Wainfleet launching new age-friendly advisory committee
Today’s active, affluent seniors are an economic power, council hears
All those fresh-faced young adults and teens you see in film footage from the flower power generation of the 1960s are now seniors with graying hair and the wrinkles that come with age.
But unlike seniors viewed by previous generations as folks better left to hobble off into the sunset, today’s older adults are much more vibrant and an economic power to be reckoned with, Wainfleet council heard on Oct. 22.
The township, the only one of Niagara’s 12 cities and towns not to have or to be already forming an age-friendly committee, will now embark on forming its own committee to advise township politicians on ways to make Wainfleet a place where older people will feel welcomed.
Dominic Ventresca and Doug Rapelje — both former directors of senior services for the region — who are playing key roles in promoting age-friendly initiatives in Niagara, told Wainfleet council that it makes good economic sense to pay close attention to what seniors want out of life in their communities.

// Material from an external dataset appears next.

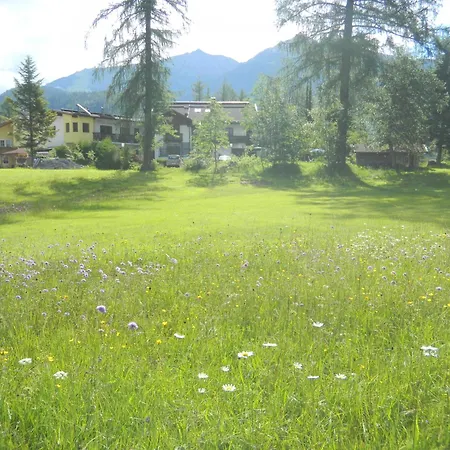 Charlotte Am Geigenbuehel -apartments 3*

Ventresca, co-chair of the Age-Friendly Niagara Network, said there have been huge shifts in the longevity and lifestyles of older people.
“It’s an unprecedented phenomenon in the history of mankind having this many older people living this long, being well, active, healthier, contributing to the community,” he said.
Statistics show Niagara has one of the greatest numbers of seniors in Canada, with 21.4 per cent of folks here aged 65-plus, said Ventresca. That’s about 28 per cent higher than the Ontario average, he said.
At the launch of the Niagara Aging Strategy and Action plan in 2015, Brock University political science professor Davie Siegel said the shift of the giant postwar baby boomer population into their golden years creates both challenges and opportunities for Niagara.
Today’s seniors often have good pension plans and are well-off financially, are much more likely to donate financially to charity and volunteer in their community — compared to the population at large — and will create demand for specialty products and recreation for older people, said Siegel.
But they’ll also drive the need for expensive long-term care beds, transit and health care, he said.